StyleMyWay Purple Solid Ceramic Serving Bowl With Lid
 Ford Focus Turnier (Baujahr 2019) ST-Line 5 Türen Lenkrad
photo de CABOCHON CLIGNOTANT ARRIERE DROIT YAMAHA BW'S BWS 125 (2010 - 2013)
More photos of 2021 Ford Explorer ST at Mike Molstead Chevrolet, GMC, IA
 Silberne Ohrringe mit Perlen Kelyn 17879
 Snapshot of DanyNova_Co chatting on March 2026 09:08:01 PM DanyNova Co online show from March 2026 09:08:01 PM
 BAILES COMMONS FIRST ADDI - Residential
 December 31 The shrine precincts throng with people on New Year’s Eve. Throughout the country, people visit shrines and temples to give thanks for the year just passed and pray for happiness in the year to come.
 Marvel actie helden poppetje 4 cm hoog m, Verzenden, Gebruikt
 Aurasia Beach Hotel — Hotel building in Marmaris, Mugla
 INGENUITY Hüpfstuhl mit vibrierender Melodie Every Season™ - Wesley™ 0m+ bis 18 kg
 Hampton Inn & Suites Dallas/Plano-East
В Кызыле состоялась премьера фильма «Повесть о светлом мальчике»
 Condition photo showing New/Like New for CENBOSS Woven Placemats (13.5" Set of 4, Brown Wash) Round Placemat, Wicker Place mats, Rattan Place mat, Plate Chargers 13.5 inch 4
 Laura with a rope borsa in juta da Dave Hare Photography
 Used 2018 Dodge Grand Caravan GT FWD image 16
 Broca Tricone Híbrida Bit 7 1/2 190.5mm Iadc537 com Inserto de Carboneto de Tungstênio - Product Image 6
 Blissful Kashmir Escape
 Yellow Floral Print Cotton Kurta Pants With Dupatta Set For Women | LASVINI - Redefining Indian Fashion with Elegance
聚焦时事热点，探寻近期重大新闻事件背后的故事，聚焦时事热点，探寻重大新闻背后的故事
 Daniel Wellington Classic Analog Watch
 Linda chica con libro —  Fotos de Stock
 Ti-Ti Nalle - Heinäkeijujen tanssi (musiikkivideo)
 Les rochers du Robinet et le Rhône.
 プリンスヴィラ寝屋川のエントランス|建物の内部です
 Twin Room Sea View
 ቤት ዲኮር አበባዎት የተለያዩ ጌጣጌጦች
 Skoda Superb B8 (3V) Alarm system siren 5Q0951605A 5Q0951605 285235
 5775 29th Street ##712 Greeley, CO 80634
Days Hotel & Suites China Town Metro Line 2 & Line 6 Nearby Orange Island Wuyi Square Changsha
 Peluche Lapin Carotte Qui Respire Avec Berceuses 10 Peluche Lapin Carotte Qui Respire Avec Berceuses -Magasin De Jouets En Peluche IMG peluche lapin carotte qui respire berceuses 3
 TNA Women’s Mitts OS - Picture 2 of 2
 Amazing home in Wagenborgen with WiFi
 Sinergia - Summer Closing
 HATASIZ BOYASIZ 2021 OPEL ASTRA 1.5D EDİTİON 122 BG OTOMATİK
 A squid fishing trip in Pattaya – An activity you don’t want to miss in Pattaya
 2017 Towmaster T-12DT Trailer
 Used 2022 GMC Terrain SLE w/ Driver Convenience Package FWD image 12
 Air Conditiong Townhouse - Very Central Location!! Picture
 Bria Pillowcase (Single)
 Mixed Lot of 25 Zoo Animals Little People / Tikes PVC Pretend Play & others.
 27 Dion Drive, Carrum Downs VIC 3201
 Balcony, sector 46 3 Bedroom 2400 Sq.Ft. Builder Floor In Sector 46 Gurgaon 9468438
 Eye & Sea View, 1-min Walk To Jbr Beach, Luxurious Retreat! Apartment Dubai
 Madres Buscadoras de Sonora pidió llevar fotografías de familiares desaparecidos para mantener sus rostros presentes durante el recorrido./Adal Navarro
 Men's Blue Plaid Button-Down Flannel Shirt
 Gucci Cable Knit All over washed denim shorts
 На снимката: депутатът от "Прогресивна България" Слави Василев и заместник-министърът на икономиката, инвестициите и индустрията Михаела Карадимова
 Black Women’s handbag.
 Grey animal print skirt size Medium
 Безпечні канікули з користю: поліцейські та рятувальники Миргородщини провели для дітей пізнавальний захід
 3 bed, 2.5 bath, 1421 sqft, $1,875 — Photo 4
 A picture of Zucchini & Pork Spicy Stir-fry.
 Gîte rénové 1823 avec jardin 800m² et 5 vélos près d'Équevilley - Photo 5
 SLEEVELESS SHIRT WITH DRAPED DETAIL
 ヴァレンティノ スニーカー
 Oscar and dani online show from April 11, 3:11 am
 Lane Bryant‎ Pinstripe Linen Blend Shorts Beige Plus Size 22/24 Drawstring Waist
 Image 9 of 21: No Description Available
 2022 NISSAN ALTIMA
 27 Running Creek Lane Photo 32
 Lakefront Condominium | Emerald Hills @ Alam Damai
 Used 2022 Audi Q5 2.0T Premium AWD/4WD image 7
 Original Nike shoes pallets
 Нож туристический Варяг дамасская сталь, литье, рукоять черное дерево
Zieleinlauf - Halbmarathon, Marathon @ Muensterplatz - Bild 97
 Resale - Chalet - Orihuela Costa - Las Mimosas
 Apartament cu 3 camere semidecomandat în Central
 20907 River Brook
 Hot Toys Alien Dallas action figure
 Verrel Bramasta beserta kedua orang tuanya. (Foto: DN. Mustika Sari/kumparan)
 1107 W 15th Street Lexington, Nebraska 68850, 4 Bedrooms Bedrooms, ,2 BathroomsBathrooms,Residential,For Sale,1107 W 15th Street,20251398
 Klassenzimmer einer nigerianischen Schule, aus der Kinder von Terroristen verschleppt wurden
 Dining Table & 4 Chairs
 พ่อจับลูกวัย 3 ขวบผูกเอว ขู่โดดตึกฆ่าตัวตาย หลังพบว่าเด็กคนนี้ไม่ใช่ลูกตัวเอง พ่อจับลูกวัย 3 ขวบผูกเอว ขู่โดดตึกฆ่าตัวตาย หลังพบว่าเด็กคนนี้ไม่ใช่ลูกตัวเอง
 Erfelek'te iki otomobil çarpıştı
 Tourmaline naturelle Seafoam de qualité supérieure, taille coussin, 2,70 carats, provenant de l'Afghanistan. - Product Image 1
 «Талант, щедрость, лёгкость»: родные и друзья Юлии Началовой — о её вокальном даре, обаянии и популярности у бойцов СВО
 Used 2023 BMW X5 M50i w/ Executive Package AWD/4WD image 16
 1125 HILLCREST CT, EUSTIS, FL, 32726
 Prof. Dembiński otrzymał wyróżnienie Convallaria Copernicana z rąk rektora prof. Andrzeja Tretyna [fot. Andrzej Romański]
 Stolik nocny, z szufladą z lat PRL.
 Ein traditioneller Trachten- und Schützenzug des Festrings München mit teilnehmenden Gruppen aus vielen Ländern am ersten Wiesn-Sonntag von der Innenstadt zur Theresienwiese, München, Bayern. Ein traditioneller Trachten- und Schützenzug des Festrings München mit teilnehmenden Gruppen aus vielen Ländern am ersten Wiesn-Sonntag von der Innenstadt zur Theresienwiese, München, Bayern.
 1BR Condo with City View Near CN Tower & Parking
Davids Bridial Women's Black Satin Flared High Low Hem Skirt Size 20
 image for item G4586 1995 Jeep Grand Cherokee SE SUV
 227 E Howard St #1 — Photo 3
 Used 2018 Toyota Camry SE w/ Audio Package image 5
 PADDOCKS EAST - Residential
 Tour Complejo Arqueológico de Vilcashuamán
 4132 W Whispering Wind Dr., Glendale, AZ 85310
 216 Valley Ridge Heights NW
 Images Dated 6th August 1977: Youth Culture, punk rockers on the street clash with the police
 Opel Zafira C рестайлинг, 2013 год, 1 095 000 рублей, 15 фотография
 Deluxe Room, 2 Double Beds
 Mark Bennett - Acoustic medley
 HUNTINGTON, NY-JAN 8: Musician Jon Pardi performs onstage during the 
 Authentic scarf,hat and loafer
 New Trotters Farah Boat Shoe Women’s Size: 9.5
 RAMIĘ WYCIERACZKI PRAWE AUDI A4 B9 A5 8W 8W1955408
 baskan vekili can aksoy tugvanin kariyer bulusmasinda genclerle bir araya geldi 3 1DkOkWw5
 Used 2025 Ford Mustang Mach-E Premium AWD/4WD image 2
● ● ● ● ●
Output exactly the lines of the material above from the one containing "Used 2022 Audi" up to and including the one containing "Stolik nocny, z szufladą z lat PRL.".

*SOLUTION*:
 Used 2022 Audi Q5 2.0T Premium AWD/4WD image 7
 Original Nike shoes pallets
 Нож туристический Варяг дамасская сталь, литье, рукоять черное дерево
Zieleinlauf - Halbmarathon, Marathon @ Muensterplatz - Bild 97
 Resale - Chalet - Orihuela Costa - Las Mimosas
 Apartament cu 3 camere semidecomandat în Central
 20907 River Brook
 Hot Toys Alien Dallas action figure
 Verrel Bramasta beserta kedua orang tuanya. (Foto: DN. Mustika Sari/kumparan)
 1107 W 15th Street Lexington, Nebraska 68850, 4 Bedrooms Bedrooms, ,2 BathroomsBathrooms,Residential,For Sale,1107 W 15th Street,20251398
 Klassenzimmer einer nigerianischen Schule, aus der Kinder von Terroristen verschleppt wurden
 Dining Table & 4 Chairs
 พ่อจับลูกวัย 3 ขวบผูกเอว ขู่โดดตึกฆ่าตัวตาย หลังพบว่าเด็กคนนี้ไม่ใช่ลูกตัวเอง พ่อจับลูกวัย 3 ขวบผูกเอว ขู่โดดตึกฆ่าตัวตาย หลังพบว่าเด็กคนนี้ไม่ใช่ลูกตัวเอง
 Erfelek'te iki otomobil çarpıştı
 Tourmaline naturelle Seafoam de qualité supérieure, taille coussin, 2,70 carats, provenant de l'Afghanistan. - Product Image 1
 «Талант, щедрость, лёгкость»: родные и друзья Юлии Началовой — о её вокальном даре, обаянии и популярности у бойцов СВО
 Used 2023 BMW X5 M50i w/ Executive Package AWD/4WD image 16
 1125 HILLCREST CT, EUSTIS, FL, 32726
 Prof. Dembiński otrzymał wyróżnienie Convallaria Copernicana z rąk rektora prof. Andrzeja Tretyna [fot. Andrzej Romański]
 Stolik nocny, z szufladą z lat PRL.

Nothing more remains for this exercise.